>A certificate granted for mainly memorization, where no new modes of thinking or doing were involved, is not worth tends of thousands of dollars.
And here is your straw man. Nobody said they were worth that much. You haven't demonstrated that a significant portion of any major exhibits these traits.
Four years of a young person's time is worth tens of thousands of dollars. So beyond the direct cost of education, that is the opportunity cost, to the individual and to society. I think that's money well spent for e.g. a proper liberal arts degree. It isn't for a piece of paper pursued for its own end.
You haven't presented evidence or sources that any individual major is "A certificate granted for mainly memorization, where no new modes of thinking or doing were involved."
This is the basis of your entire point, and you haven't backed it up with anything of substance. You can keep tossing red herrings, but this hasn't been addressed.

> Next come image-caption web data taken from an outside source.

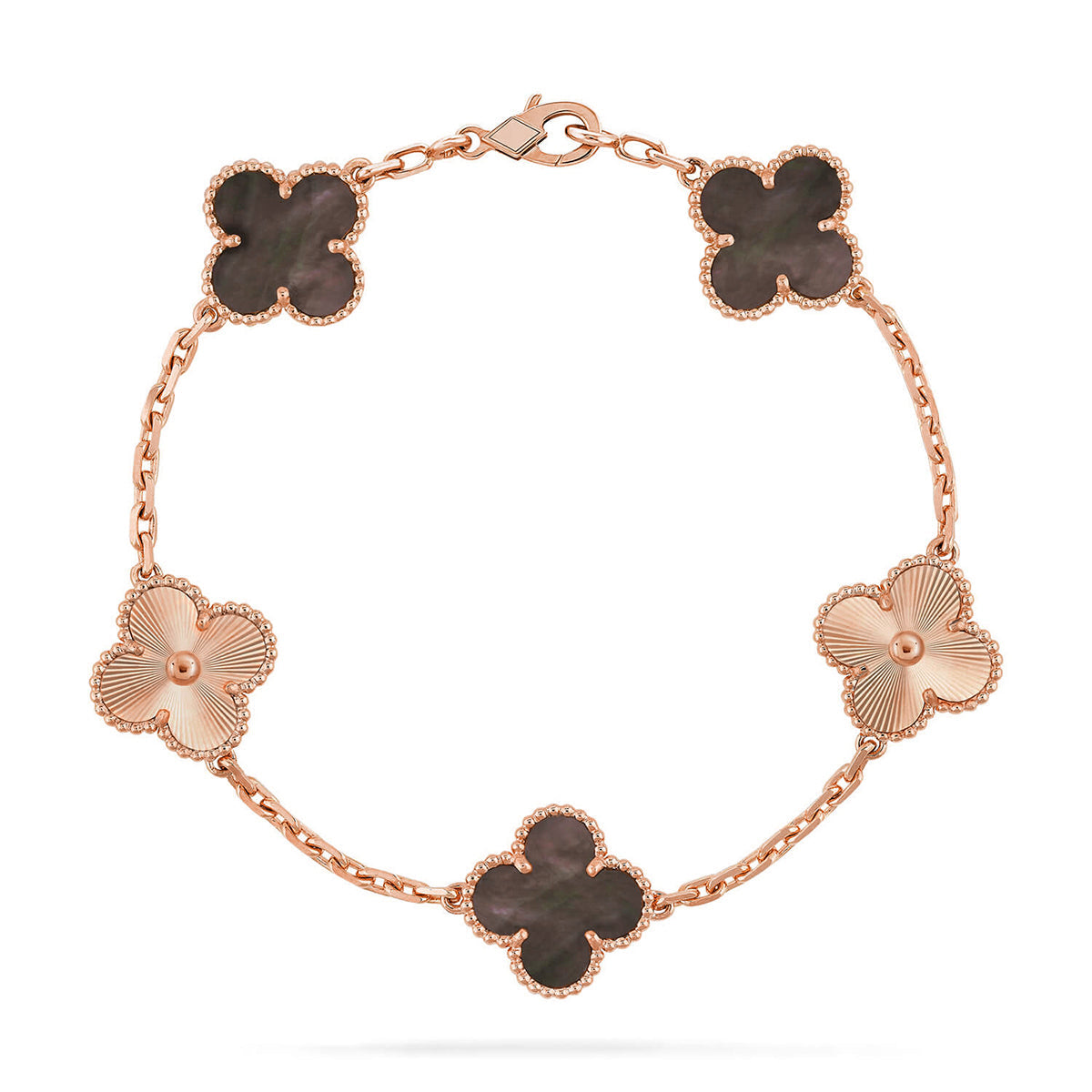 [Aura Jewels]New CLOVER 5 MOTIF GRAY MOP BRACELET COLLECTION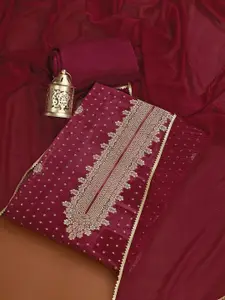Inddus Woven Design Zari Organza Unstitched Dress Material
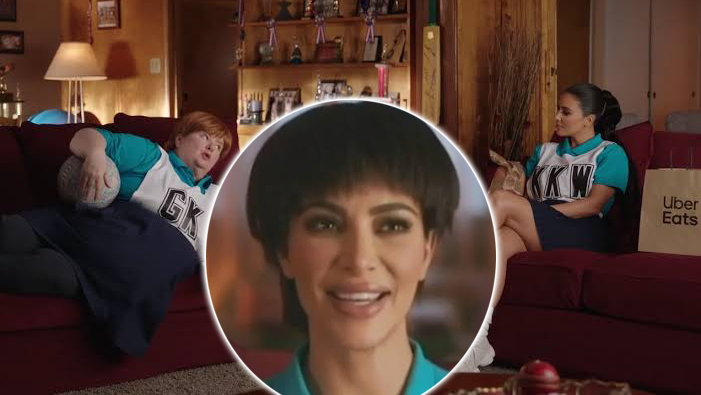 Kim Kardashian Has A Bowl Cut In BTS Video For Uber Eats Ad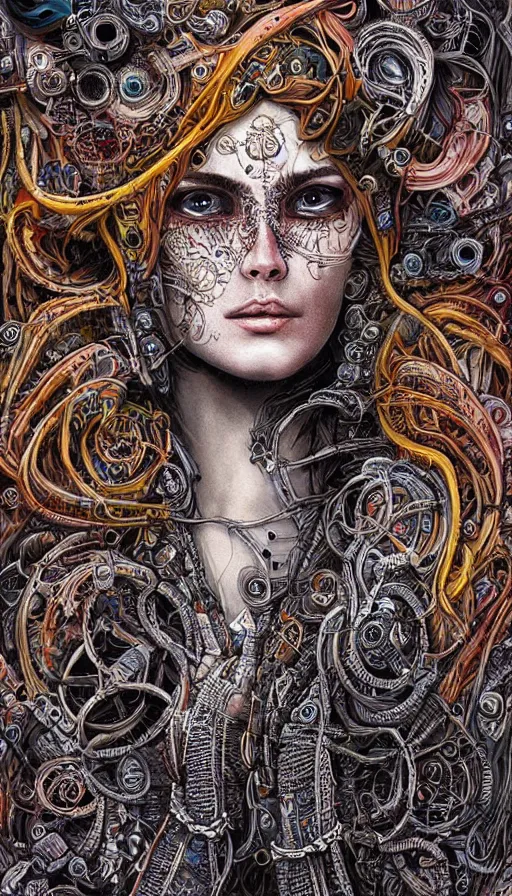 Image similar to beautifully stunning stonepunk woman_integrating_with_technology_full_face_insipiring_detailed_intricate_ornate_cables_connected_to_head_big_open_electric_eyes_ the_singulairty is now by android jones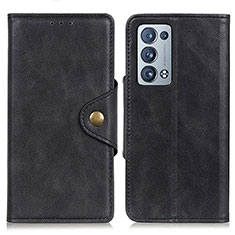 Coque Portefeuille Livre Cuir Etui Clapet N06P pour Oppo Reno6 Pro+ Plus 5G Noir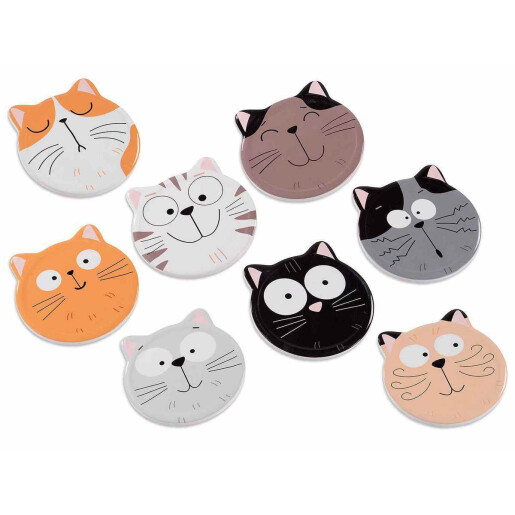 Set 16 suporturi pahare Pisicute ceramica multicolora 10,5x11H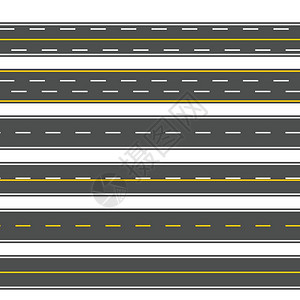 nemi镇城市车道沥青路成套矢量图设计图片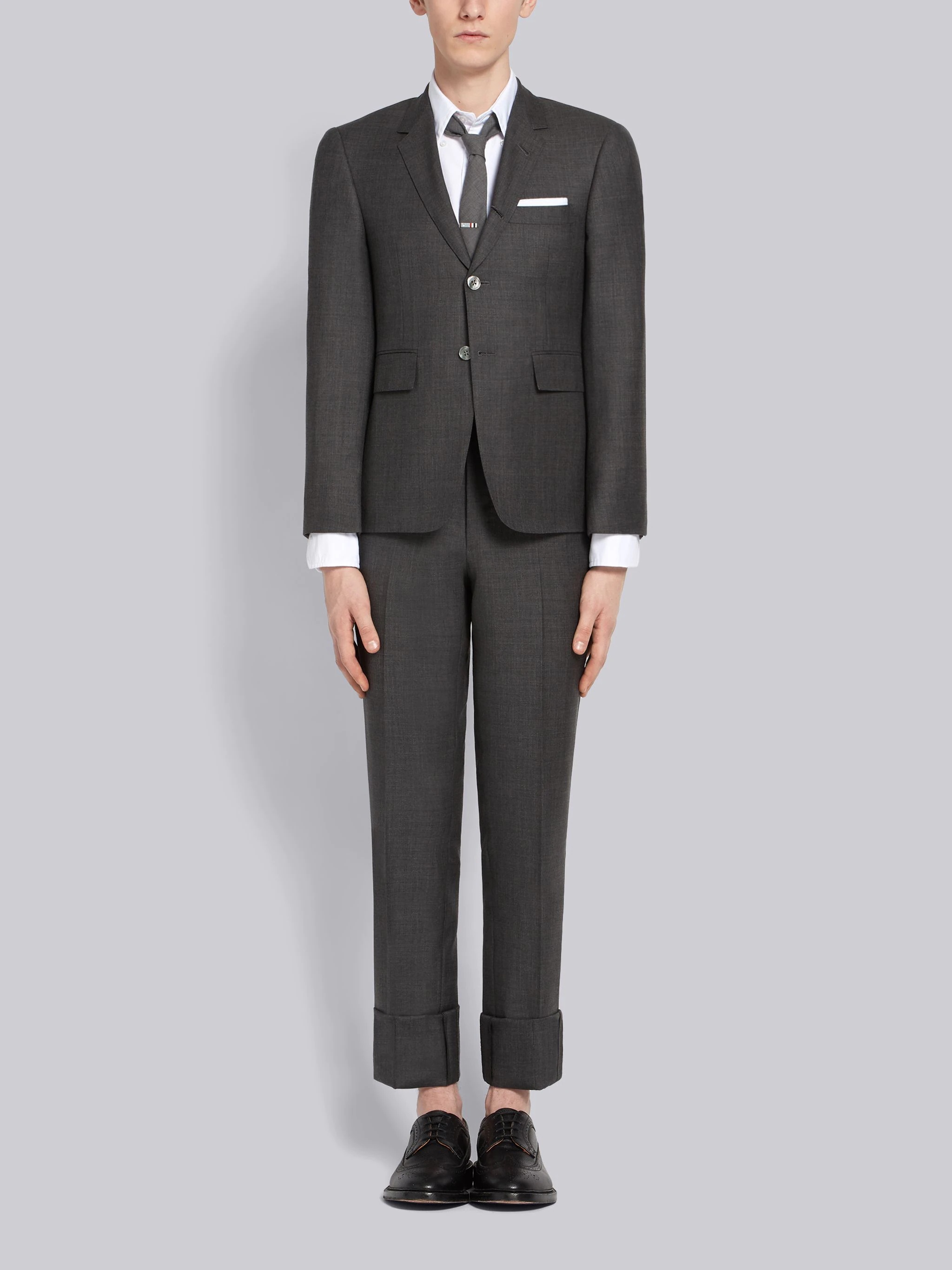 Dark Grey Step-Twilled Cool Wool Classic Suit - 1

Anecdotally, I have a friend who recently retired from teaching psychology and linguistics at a university level, and his observation over twenty years at the same institution was that standards were aggressively lowered to move more paying customers through the system. Not sure you'd say that's substantial or not, but I'm inclined to believe him.
> Not sure you'd say that's substantial or not, but I'm inclined to believe him.
I would certainly believe that person. However, saying "this major at this school has low standards" is not the same as saying "a bunch of majors at all schools have low standards and are thus worthless."